RECORDED INFORMATION:

========

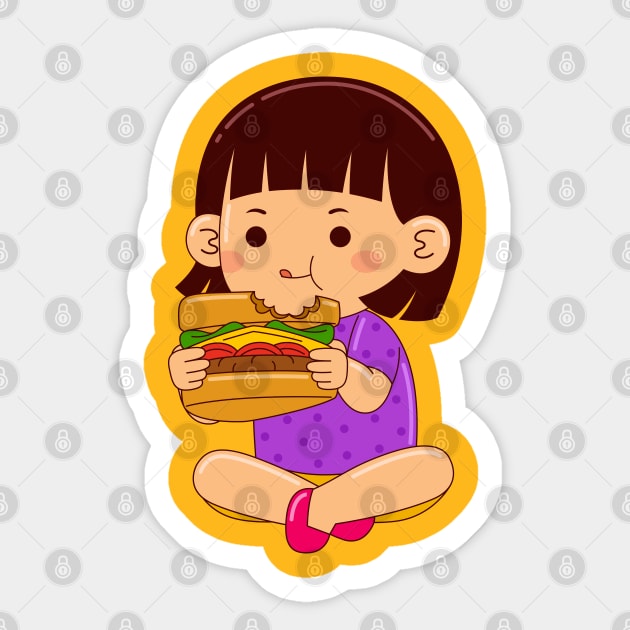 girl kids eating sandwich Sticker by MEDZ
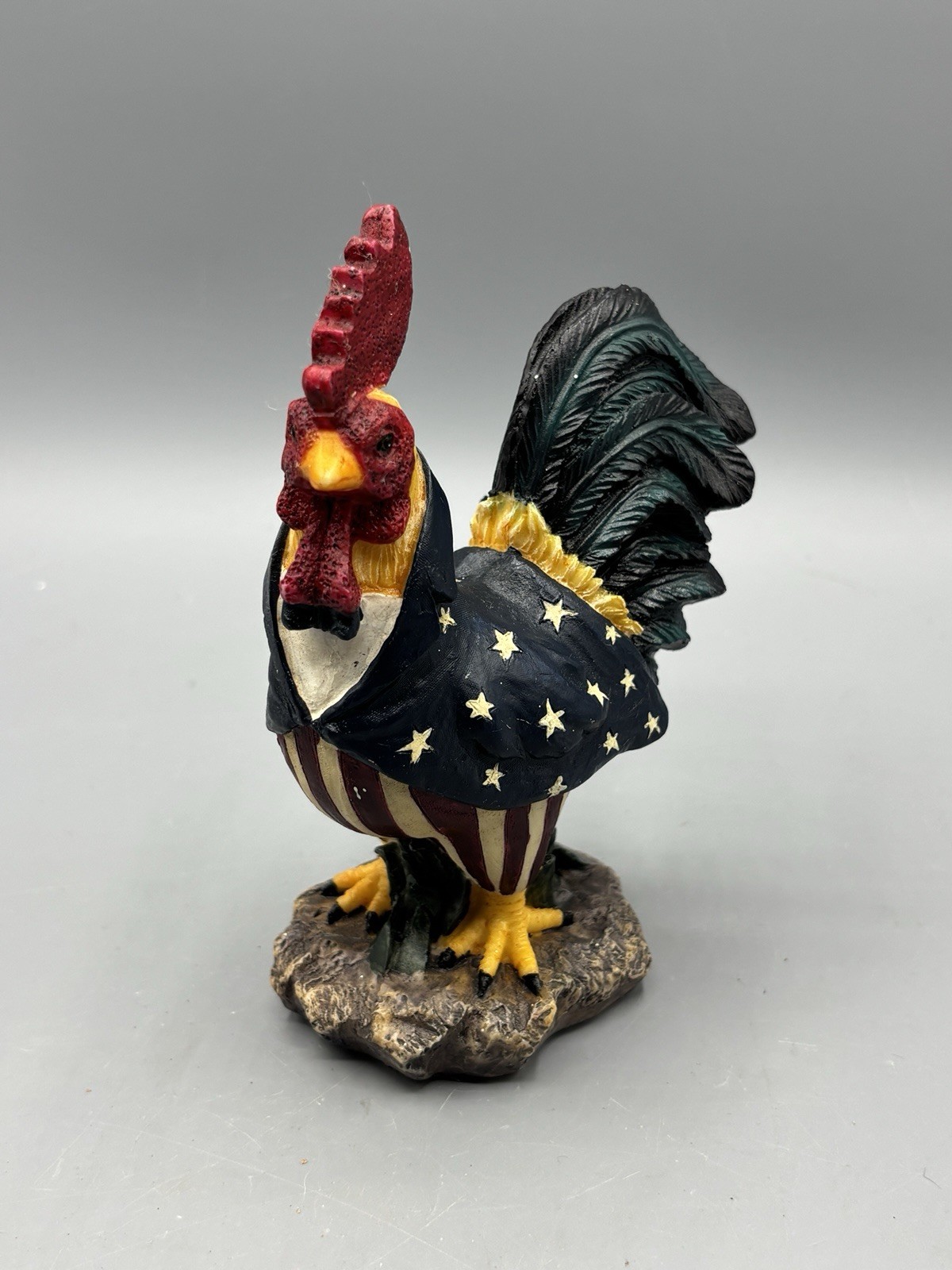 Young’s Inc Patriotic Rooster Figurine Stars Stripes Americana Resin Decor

========

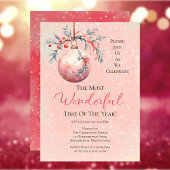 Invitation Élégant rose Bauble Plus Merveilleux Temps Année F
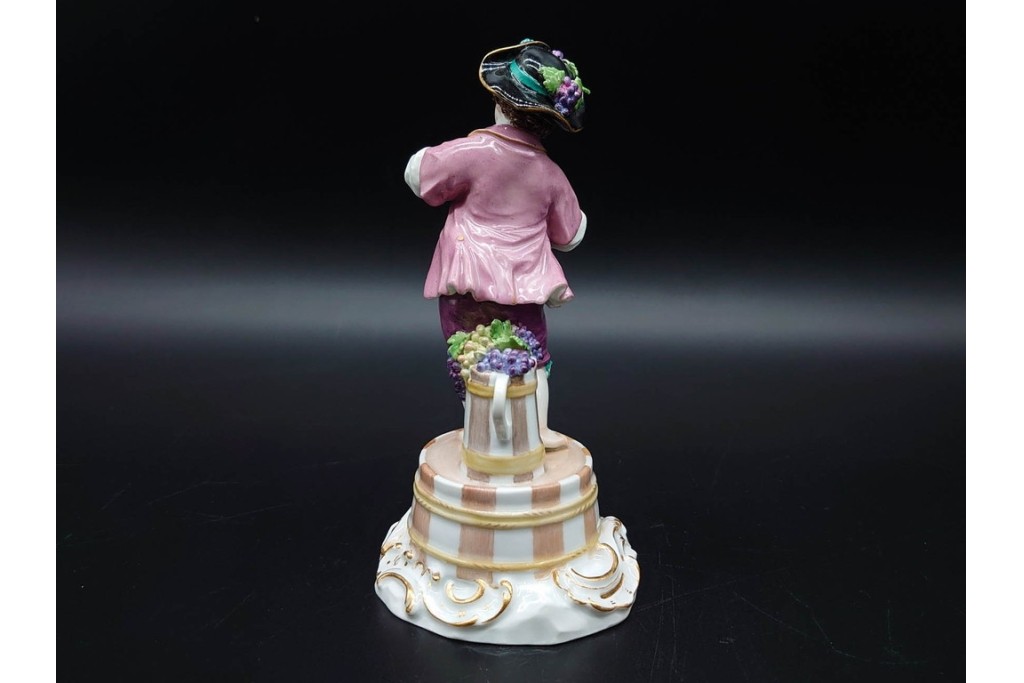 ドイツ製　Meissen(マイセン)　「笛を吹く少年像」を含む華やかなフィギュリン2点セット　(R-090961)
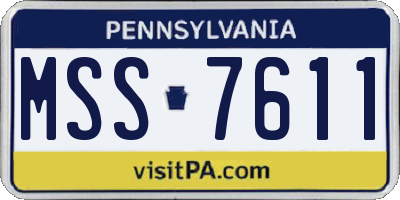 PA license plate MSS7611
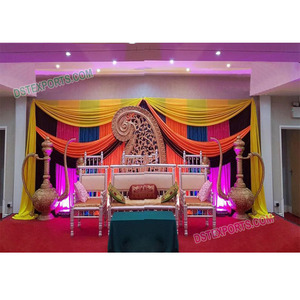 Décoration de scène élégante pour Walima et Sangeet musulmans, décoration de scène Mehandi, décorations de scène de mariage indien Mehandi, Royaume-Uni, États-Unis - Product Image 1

========

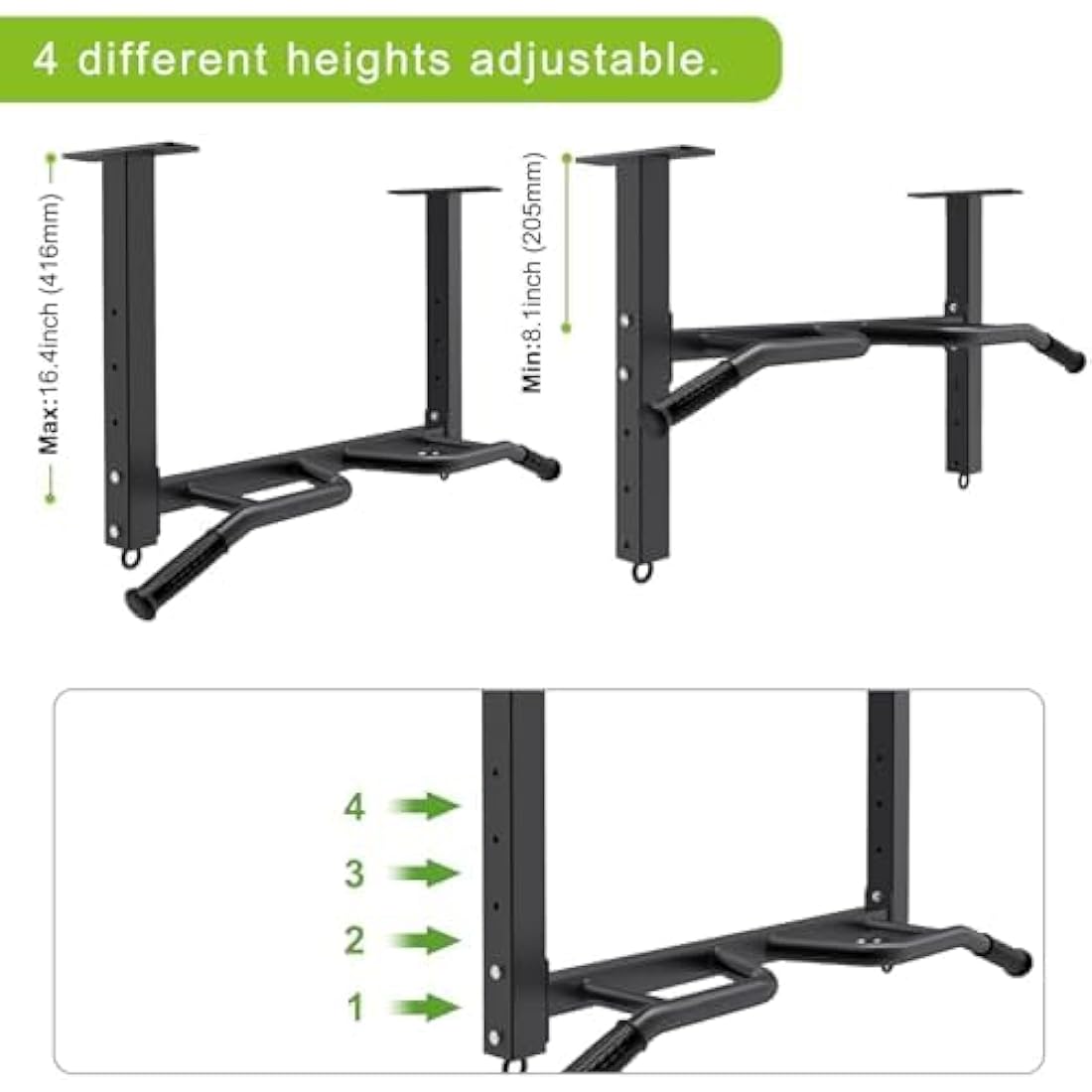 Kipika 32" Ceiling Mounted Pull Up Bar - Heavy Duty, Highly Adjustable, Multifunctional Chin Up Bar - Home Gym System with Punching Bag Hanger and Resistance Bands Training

========

INSTRUCTIONS FOR THE TASK: Look above for the line with "girl kids eating sandwich Sticker by MEDZ", then give again exactly every line from there through the line with "Young’s Inc Patriotic", skipping the pictures.

ANSWER FOR THE TASK:
 girl kids eating sandwich Sticker by MEDZ
 Young’s Inc Patriotic Rooster Figurine Stars Stripes Americana Resin Decor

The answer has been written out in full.